Another little tidbit comes from a story about a Uri party lawmaker trying to trumpet a plan to crack down on illegal file swapping on line. The bill is essentially ho-hum (click if if you want), however I would like to use it to point out a greater problem in Korea. The proposal would make an ISP liable for not stopping users from swapping files. If they fail to do so, they can be fined up to 50 million won. Now lets do a little math. First let us assume the maximum penalty. For the sake of simplicity, lets take the only four ISP's of note in Korea (KT, Hanaro, Powercomm, and Dacom). If we were to assume that the losses from film downloads alone were spread equally, that means each ISP, under this bill, would be "responsible" for 70 billion in losses (Again I remind you that figure does not include foreign films or the larger category of online music which they would be responsible for as well). In any case the penalty to loss ratio is .001, I ask you does that really sound like a penalty? This is the modus operandi for most Korean fines, the time rarely fits the crime economically speaking.

2 Comments:

At December 20, 2005 8:34 PM, Anonymous Anonymous said...

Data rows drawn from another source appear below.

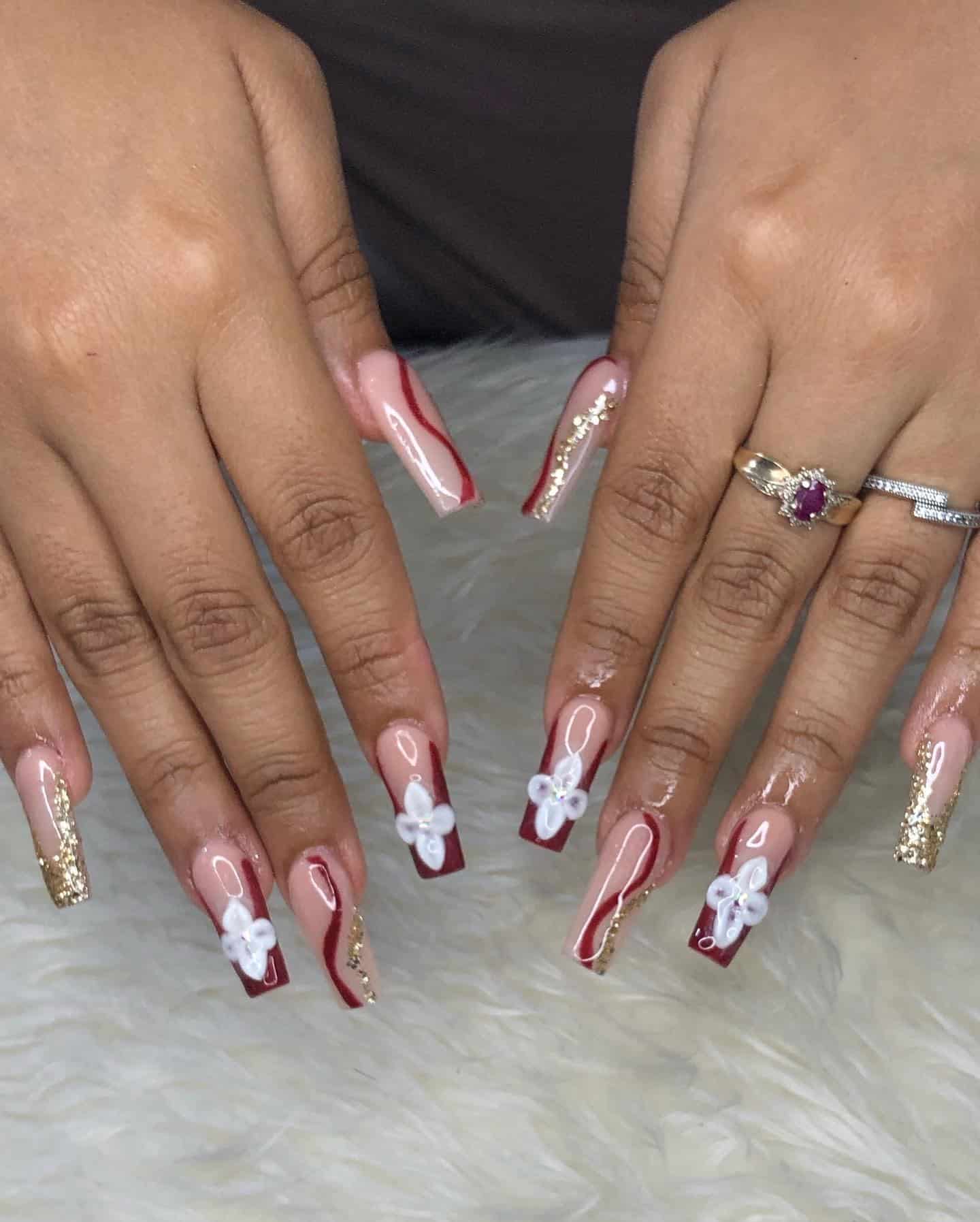 2. Burgundy French Tip Coffin Nails with White Florals & Gold Glitter - burgundy and gold nail ideas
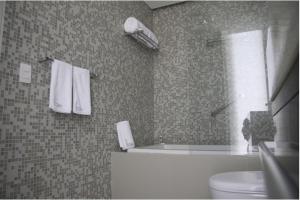 ein Badezimmer mit Badewanne, Toilette und Fenster in der Unterkunft Hotel 286 in Ciudad Guayana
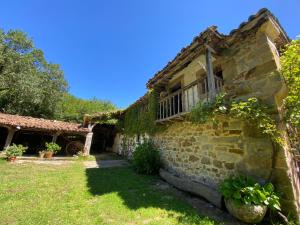 an old stone building with a balcony on it at El Invernal de Vallobera in Pujayo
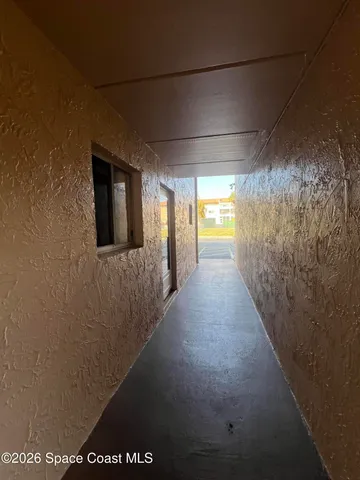 a view of hallway with window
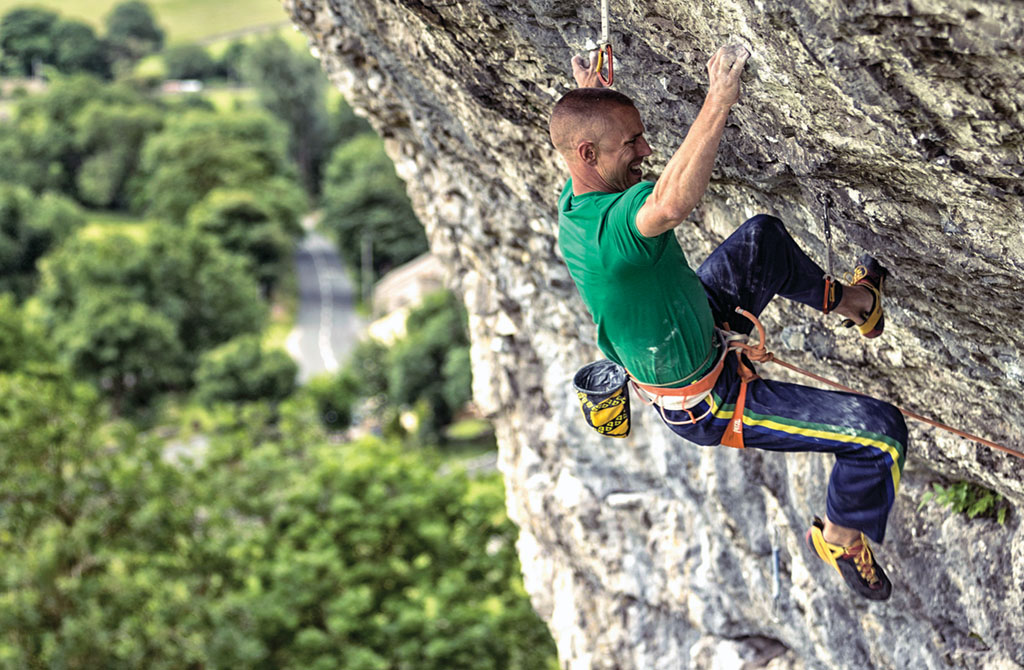 Neil Gresham on the hard approach section to the roof on Freakshow (F8c) at Kilnsey. Photo: Lukasz Warzecha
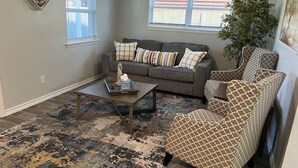 Ein Wohnzimmer mit grauem Sofa, gemusterten Sesseln, einem Couchtisch und einer großen Pflanze.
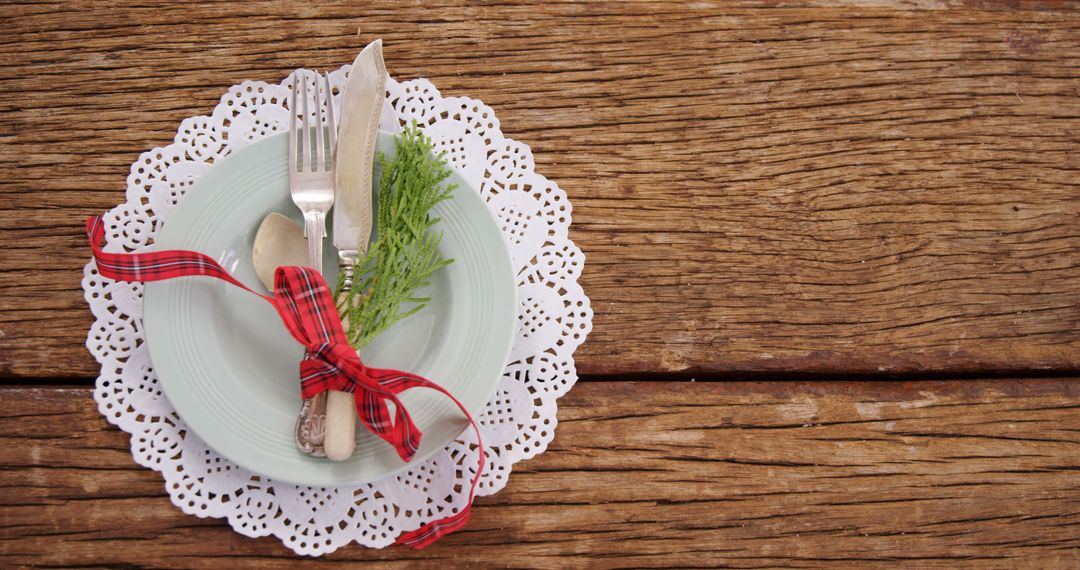 Rustic Holiday Table Setting with Red Ribbon and Greenery - Free Images, Stock Photos and Pictures on Pikwizard.com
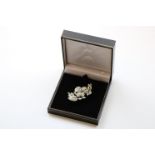 An impressive 18ct white gold diamond spray brooch set with over 100 diamonds, approx 3cts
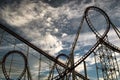 Red roller coaster track with a dark cloudy sky Royalty Free Stock Photo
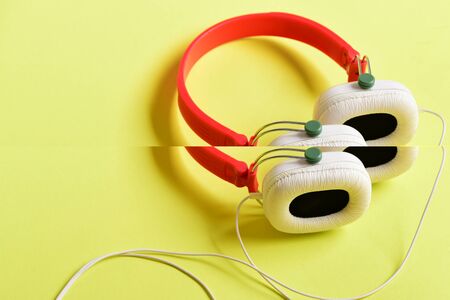 Headphones in white and red color with long wireの写真素材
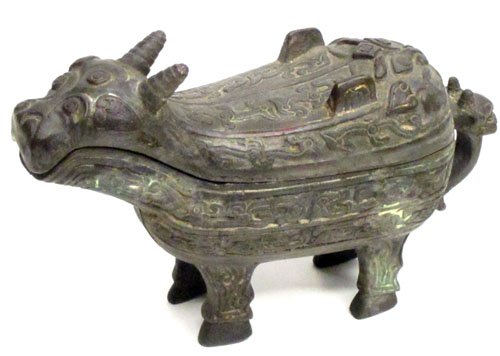 ORIENTAL BRONZE ANIMAL VESSEL: Possibly Shang Dynasty; relief decorated; (2) pieces, mouth is spout; H-5 1/2", L-8 1/2", G-VG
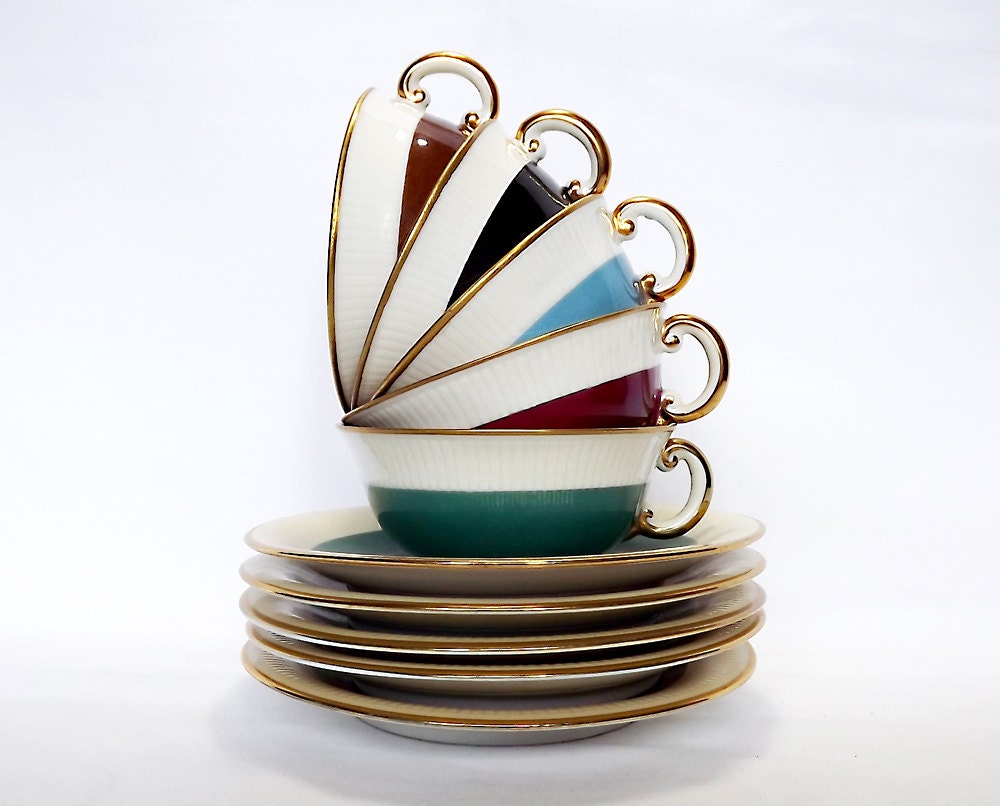 Five harlequin cups and saucers with gold interiors made by Pillivuyt, France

That's not 50 million won per violation? It's not cumulative?

-Mark

 
At December 21, 2005 5:37 AM, Blogger Dram Man said...

Mark,

That was my first reaction. Re-reading the passage though lead me to conclude that its capped...

"The bill also says that the companies would be punished for up to 50 million won in penalty, if they don’t follow the government’s instruction."

Given the bill's content, I think it does not count each infringement but simply fining ISP's for allowing swapping. If you allow it your fined, regardless of how such is used.